Et bien ça y est, notre moteur n’a pas encore poussé son premier cri mais – à défaut d’avoir une âme en paix -  il a son âme en place. Sans trop préjuger de son futur caractère, je crois néanmoins pouvoir affirmer que ce sera un teigneux.

L’installation d’un AàC entrainé par chaine est un peu contraignante car il faut pousser à la fois le pignon du vilebrequin dans son logement avec la chaine de distribution en prise sur les deux pignons et l’arbre à cames. Evidemment, sans trop réfléchir, j’avais indexé les deux pignons en me basant sur leurs repères d’origine. C’était oublier que l’AàC avait été retaillé et que les repères d’origine se retrouvaient du coup légèrement décalés! Après mon constat de carence, il m’a donc fallu ressortir l’ensemble pour recentrer l’affaire sur ses nouvelles bases. On a beau avoir un pignon réglable, ça ne permet pas de rattraper les grands écarts.

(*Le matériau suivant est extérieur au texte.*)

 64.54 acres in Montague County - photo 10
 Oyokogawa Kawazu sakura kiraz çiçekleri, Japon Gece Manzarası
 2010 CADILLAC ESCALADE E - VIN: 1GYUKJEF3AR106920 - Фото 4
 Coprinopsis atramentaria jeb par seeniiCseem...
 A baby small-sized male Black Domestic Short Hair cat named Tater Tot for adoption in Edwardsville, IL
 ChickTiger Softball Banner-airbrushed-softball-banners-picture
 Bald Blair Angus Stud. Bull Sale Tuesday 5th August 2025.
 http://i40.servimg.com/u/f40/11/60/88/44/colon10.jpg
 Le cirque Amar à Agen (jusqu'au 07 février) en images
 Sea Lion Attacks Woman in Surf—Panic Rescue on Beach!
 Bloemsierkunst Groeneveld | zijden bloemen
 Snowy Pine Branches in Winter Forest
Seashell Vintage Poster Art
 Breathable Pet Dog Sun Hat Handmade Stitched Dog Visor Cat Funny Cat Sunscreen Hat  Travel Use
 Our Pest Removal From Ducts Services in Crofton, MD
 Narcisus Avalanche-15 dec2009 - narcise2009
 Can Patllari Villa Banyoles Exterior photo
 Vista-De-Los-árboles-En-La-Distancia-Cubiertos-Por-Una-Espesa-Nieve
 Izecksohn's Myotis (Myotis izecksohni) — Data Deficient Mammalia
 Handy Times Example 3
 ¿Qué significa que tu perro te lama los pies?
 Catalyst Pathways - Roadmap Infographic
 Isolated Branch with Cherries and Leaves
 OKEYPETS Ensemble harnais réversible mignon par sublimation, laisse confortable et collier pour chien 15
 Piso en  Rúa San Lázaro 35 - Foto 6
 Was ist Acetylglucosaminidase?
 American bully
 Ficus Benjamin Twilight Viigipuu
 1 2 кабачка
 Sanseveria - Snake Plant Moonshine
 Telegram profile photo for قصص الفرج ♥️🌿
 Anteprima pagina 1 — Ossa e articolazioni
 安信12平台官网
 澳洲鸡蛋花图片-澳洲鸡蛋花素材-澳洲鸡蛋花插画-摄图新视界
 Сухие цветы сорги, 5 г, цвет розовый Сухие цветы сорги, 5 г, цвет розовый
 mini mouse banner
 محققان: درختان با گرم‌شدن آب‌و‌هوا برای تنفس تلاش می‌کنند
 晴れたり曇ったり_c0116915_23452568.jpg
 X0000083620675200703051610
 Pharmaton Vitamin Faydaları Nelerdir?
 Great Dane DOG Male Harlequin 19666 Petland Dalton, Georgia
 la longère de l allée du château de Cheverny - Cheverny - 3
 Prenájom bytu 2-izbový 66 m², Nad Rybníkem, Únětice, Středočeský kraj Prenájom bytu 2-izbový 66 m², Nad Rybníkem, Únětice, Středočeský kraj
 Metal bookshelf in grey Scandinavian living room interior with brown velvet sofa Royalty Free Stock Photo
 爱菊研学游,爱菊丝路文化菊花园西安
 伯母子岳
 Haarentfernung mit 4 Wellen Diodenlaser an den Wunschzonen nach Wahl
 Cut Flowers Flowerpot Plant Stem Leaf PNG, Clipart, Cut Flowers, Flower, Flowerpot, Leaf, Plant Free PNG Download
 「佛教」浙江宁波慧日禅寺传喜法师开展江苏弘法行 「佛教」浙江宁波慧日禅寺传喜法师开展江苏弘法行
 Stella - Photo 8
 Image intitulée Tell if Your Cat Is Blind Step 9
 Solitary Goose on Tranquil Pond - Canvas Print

En attendant la bonne culasse, j’ai néanmoins pu vérifier le calage de notre AàC en se basant sur l’angle d’ouverture maxi de la soupape d’admission du cylindre N°1. Pour cela, nous avons provisoirement installé un bout de culasse avec un poussoir sur lequel on a ajouté un petit ressort de rappel pour s’assurer qu’il « colle » à la came.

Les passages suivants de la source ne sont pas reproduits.